Top of Record excerpts

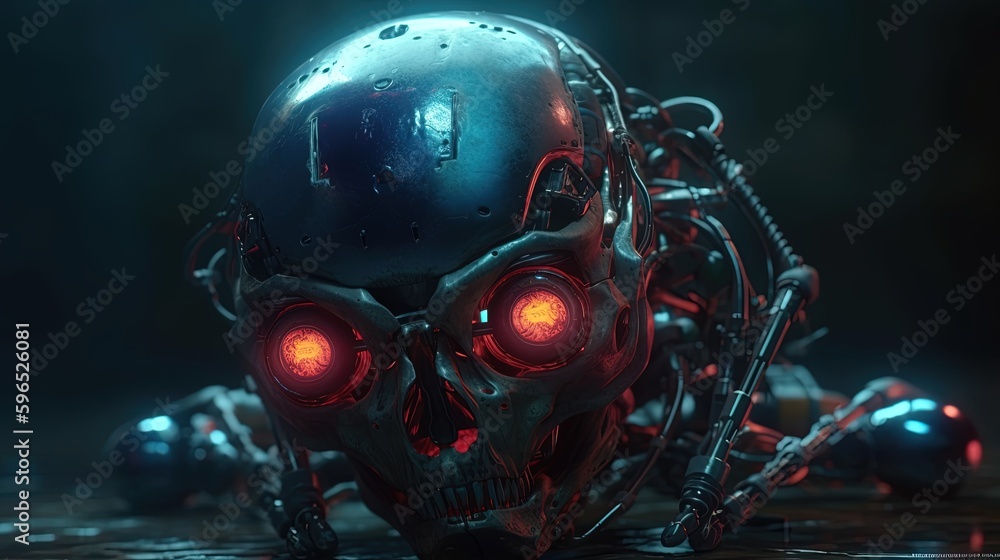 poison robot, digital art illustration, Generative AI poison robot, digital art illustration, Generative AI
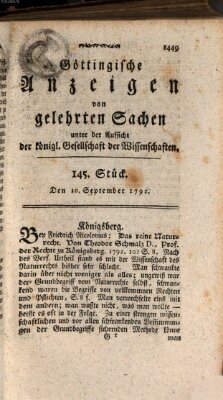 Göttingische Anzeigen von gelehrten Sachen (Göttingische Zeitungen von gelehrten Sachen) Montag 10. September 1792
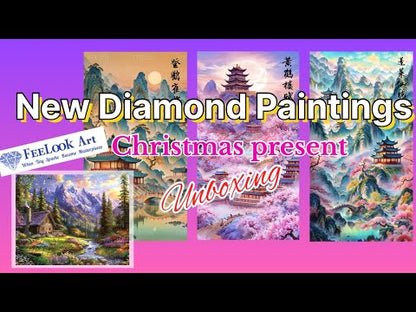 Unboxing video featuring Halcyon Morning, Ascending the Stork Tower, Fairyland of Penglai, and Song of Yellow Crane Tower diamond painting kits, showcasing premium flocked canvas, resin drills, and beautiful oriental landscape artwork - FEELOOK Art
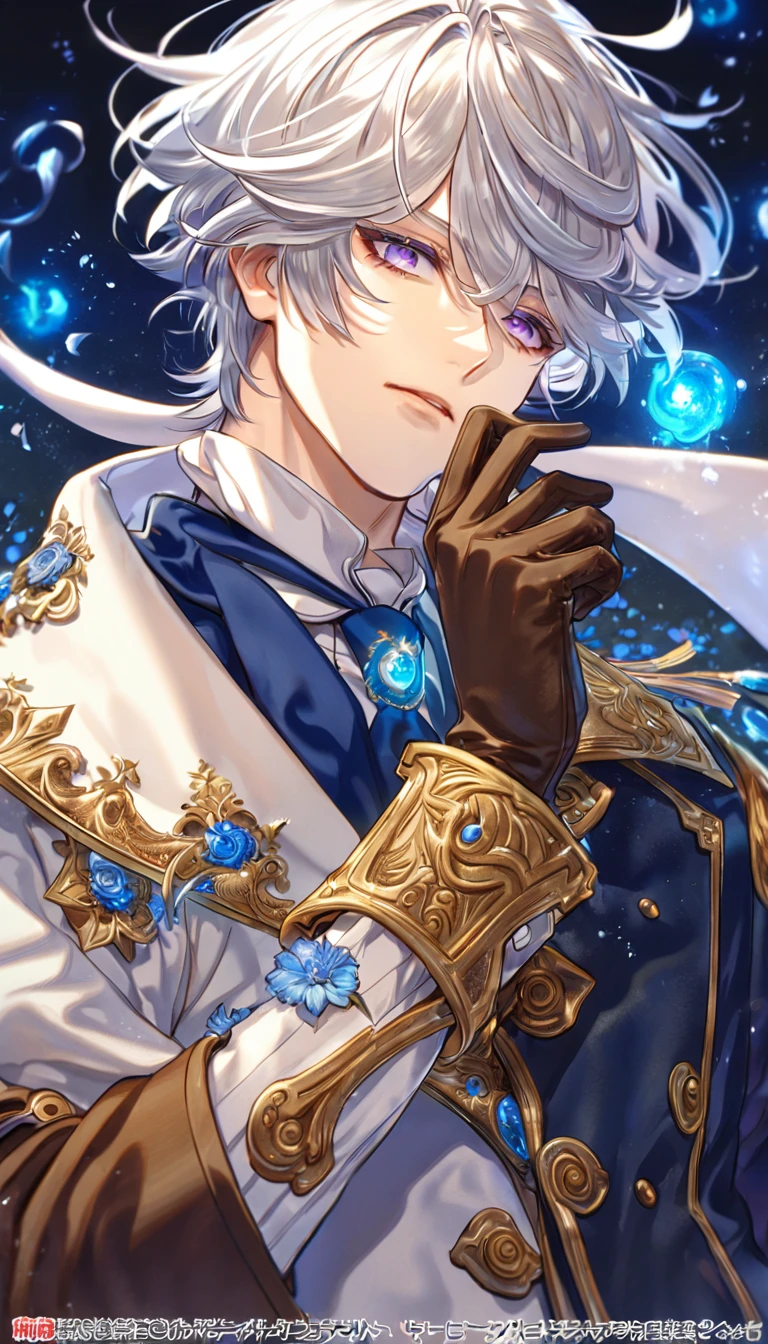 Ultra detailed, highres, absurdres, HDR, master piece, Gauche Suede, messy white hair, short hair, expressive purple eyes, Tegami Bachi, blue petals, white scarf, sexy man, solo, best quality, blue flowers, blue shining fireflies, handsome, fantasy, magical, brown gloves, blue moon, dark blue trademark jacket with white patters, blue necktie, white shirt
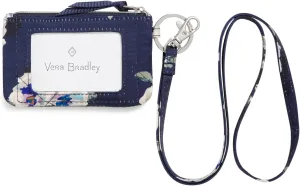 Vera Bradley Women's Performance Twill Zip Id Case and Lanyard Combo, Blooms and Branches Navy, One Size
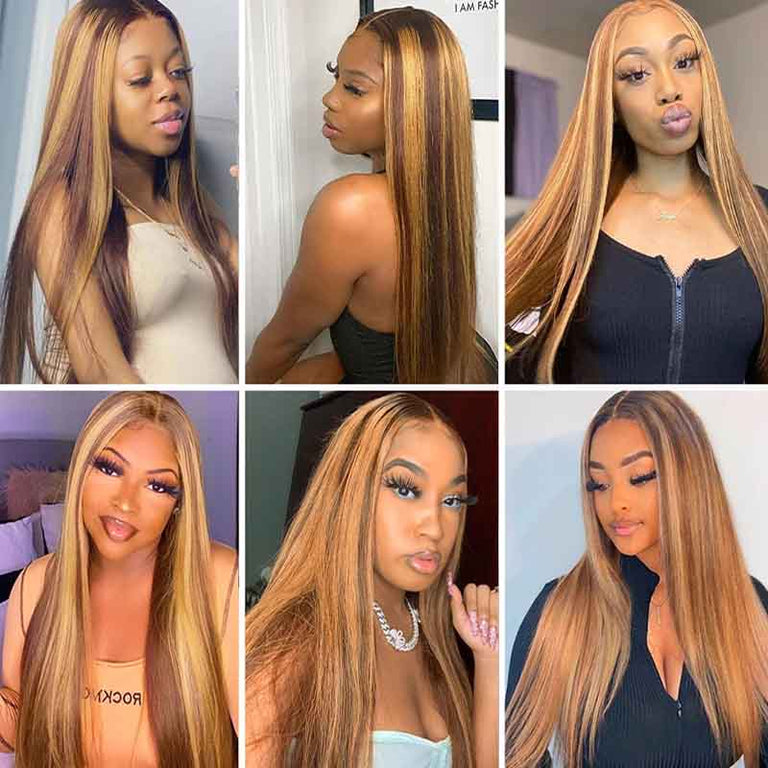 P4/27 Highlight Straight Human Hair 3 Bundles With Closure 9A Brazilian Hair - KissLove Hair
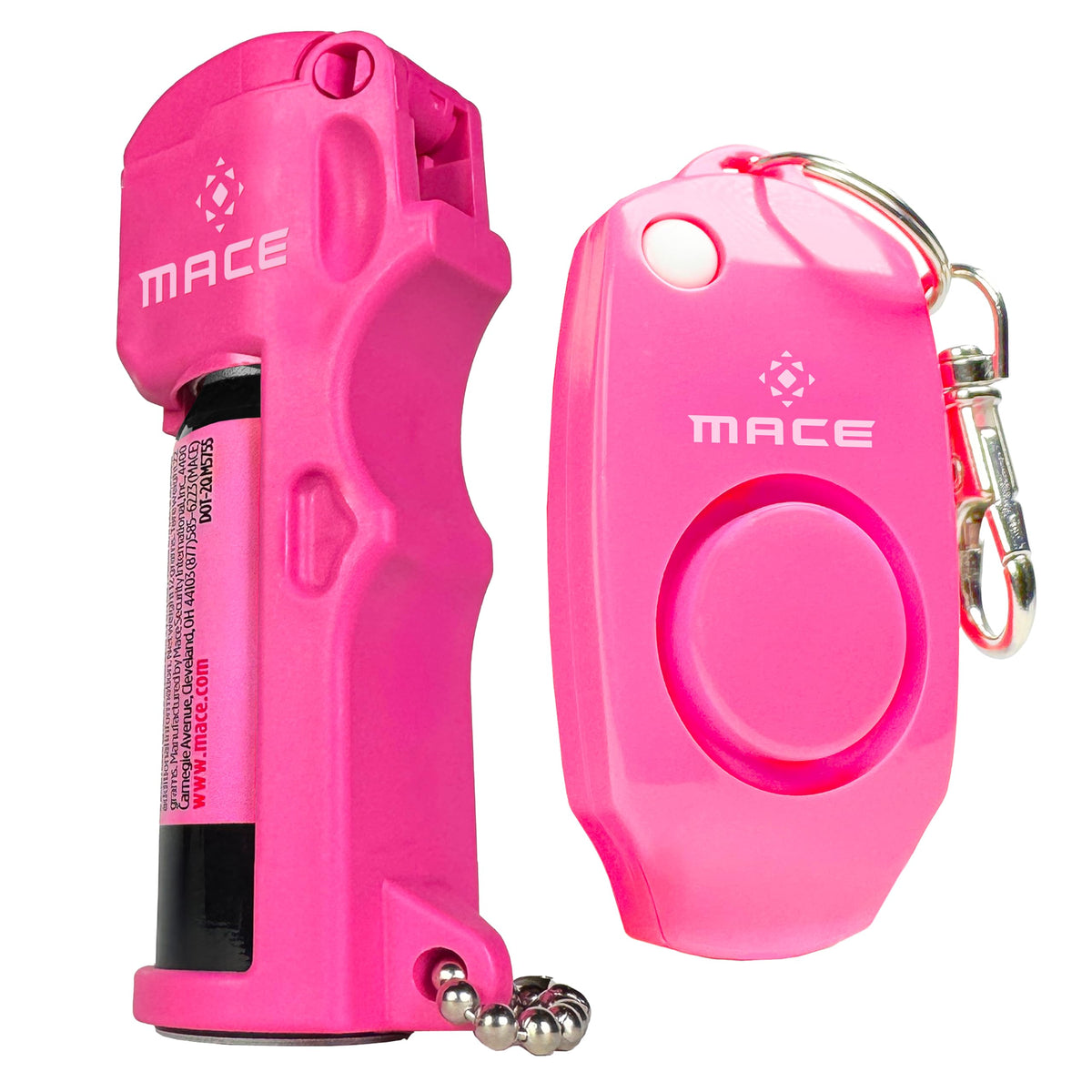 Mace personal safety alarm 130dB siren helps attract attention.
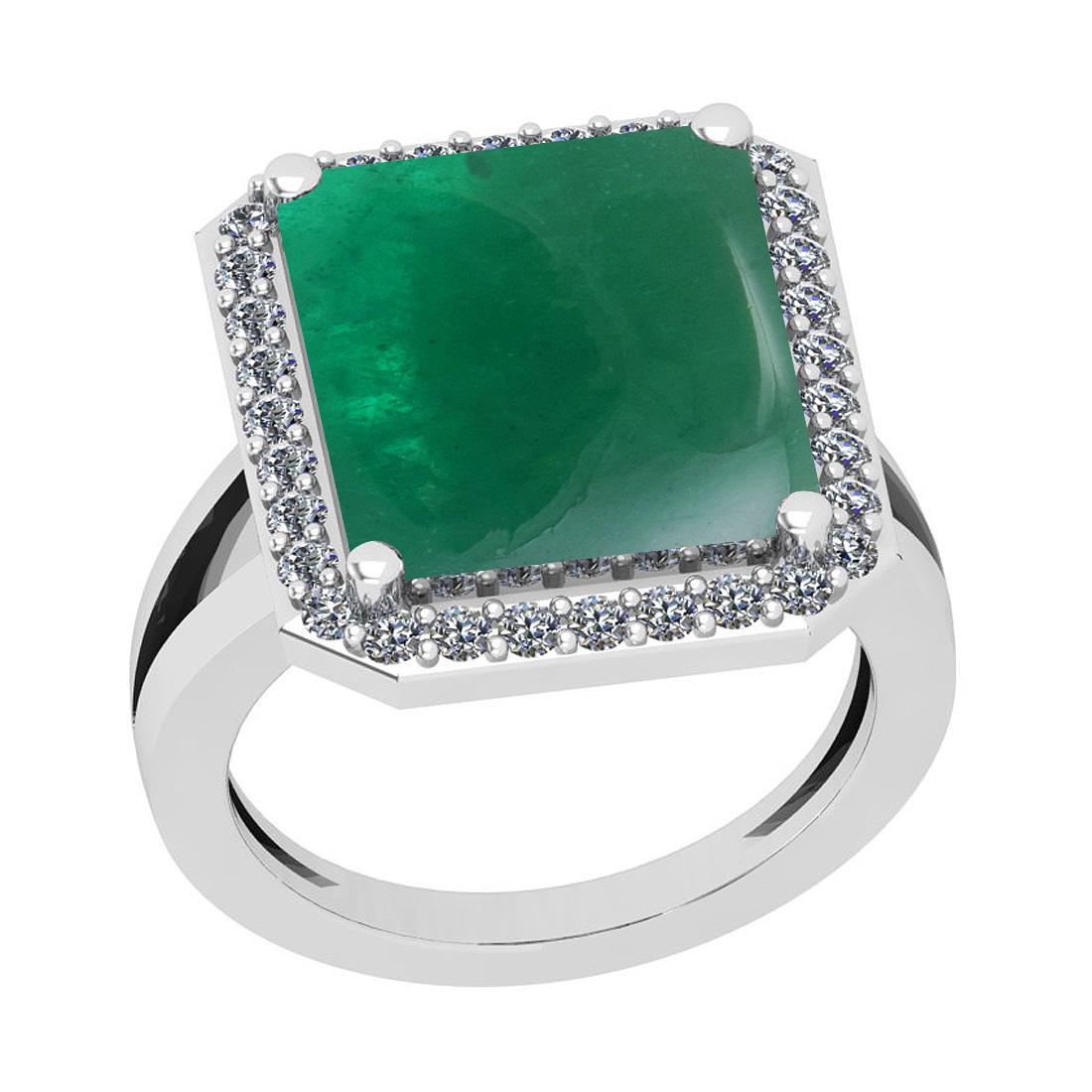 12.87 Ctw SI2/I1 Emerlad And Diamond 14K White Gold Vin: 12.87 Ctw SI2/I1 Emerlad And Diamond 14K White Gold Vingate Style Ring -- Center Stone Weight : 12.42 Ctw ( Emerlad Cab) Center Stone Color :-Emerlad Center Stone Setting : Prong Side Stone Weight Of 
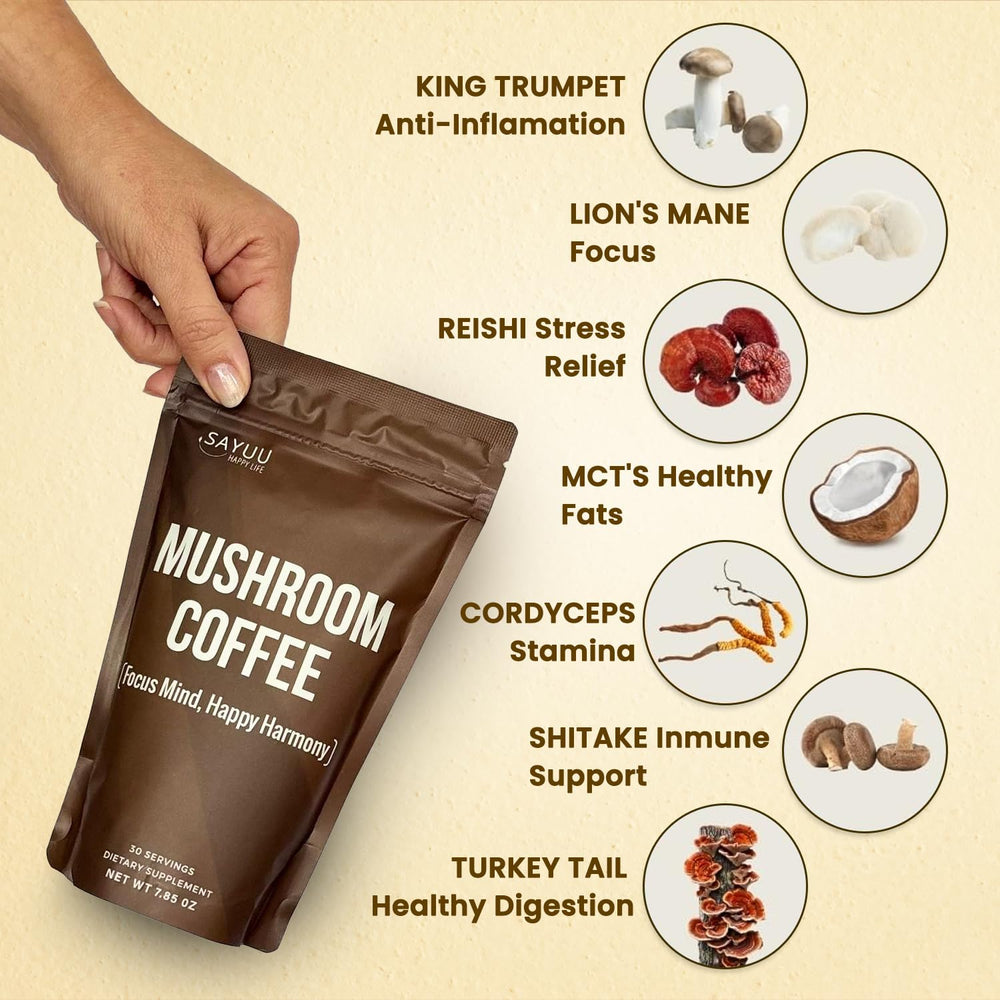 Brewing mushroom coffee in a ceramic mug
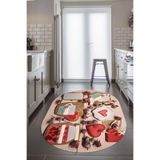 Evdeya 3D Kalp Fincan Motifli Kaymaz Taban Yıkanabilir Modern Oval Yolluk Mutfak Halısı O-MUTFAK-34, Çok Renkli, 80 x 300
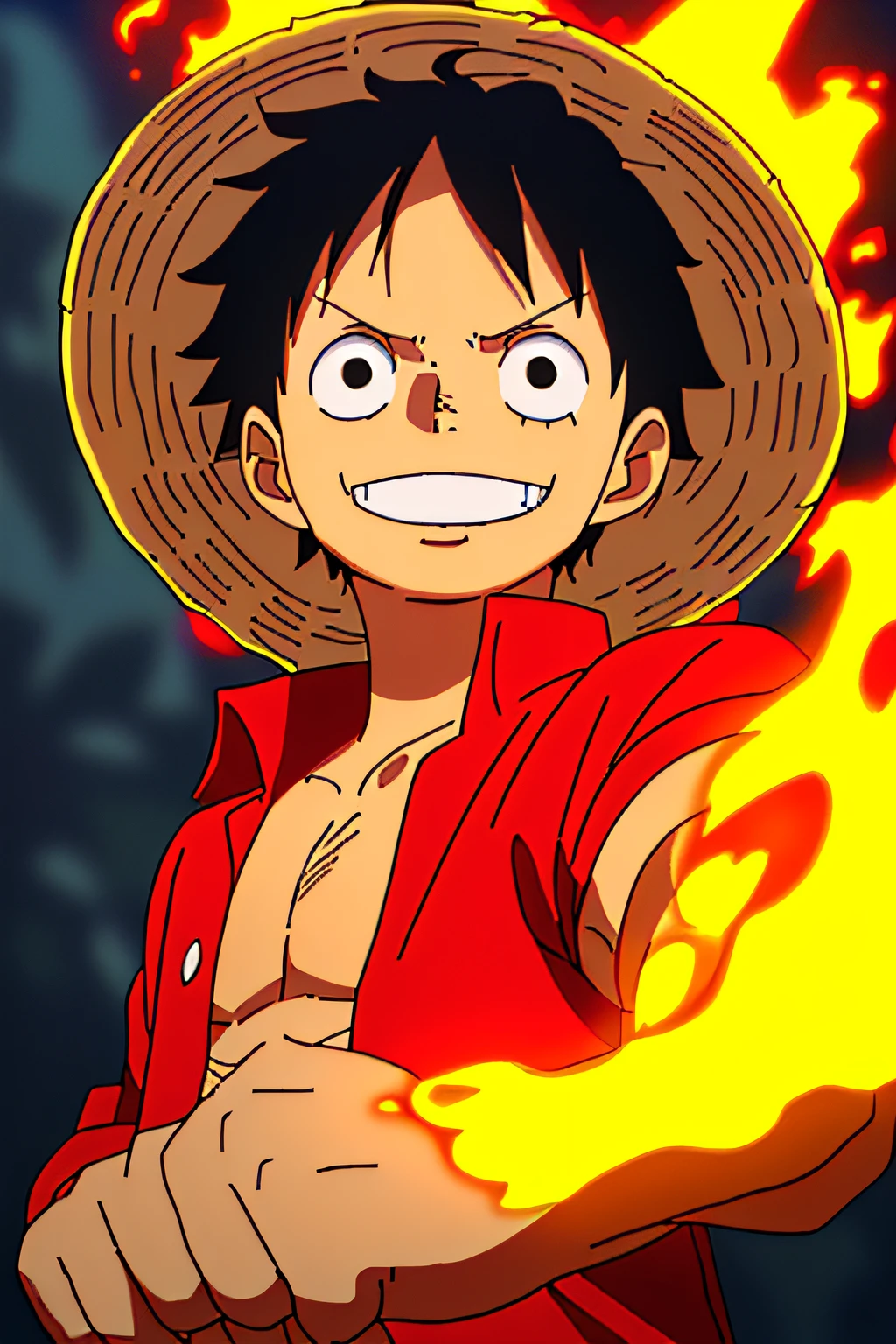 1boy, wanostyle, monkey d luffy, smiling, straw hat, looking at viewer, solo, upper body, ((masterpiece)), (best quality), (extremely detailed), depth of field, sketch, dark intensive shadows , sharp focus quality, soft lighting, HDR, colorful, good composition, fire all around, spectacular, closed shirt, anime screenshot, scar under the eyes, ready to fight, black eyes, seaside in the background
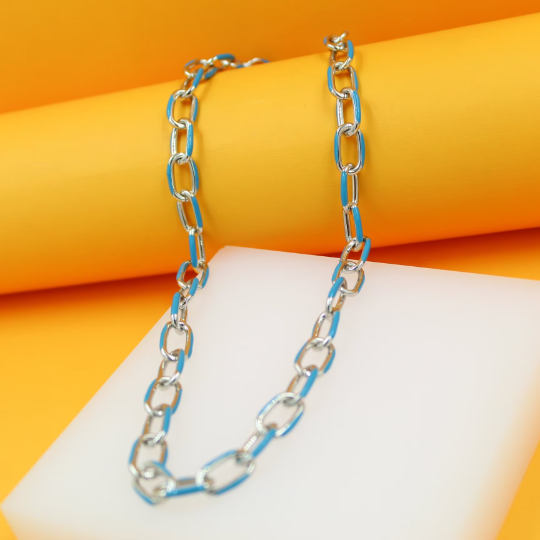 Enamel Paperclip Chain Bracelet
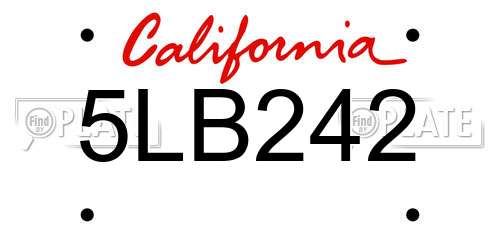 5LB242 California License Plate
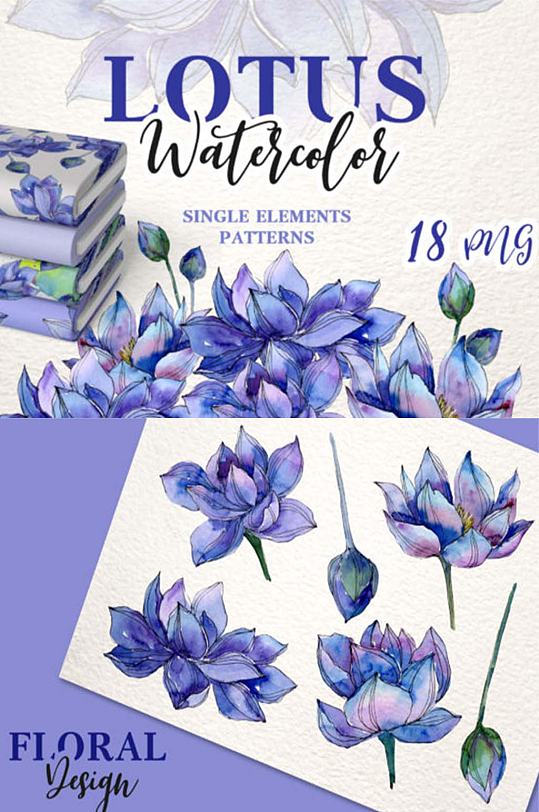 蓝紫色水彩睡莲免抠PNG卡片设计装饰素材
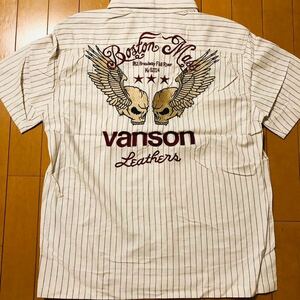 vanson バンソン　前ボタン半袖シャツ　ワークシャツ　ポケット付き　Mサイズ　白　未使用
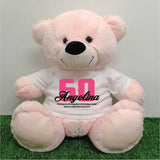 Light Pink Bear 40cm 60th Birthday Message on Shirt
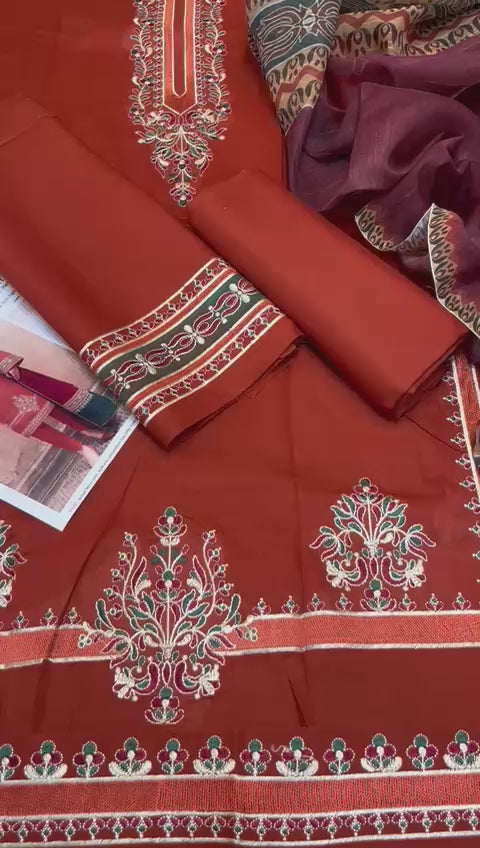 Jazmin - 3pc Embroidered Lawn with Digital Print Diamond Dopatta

Bottom of Record excerpts

#### Work order:
Once the line with "Vera Bradley Women's" is found above, transcribe each line from it through the line with "Evdeya 3D Kalp", exactly, and omit the pictures.

#### Result of the task:
 Vera Bradley Women's Performance Twill Zip Id Case and Lanyard Combo, Blooms and Branches Navy, One Size
 P4/27 Highlight Straight Human Hair 3 Bundles With Closure 9A Brazilian Hair - KissLove Hair
 Mace personal safety alarm 130dB siren helps attract attention.
 12.87 Ctw SI2/I1 Emerlad And Diamond 14K White Gold Vin: 12.87 Ctw SI2/I1 Emerlad And Diamond 14K White Gold Vingate Style Ring -- Center Stone Weight : 12.42 Ctw ( Emerlad Cab) Center Stone Color :-Emerlad Center Stone Setting : Prong Side Stone Weight Of 
 Brewing mushroom coffee in a ceramic mug
 Evdeya 3D Kalp Fincan Motifli Kaymaz Taban Yıkanabilir Modern Oval Yolluk Mutfak Halısı O-MUTFAK-34, Çok Renkli, 80 x 300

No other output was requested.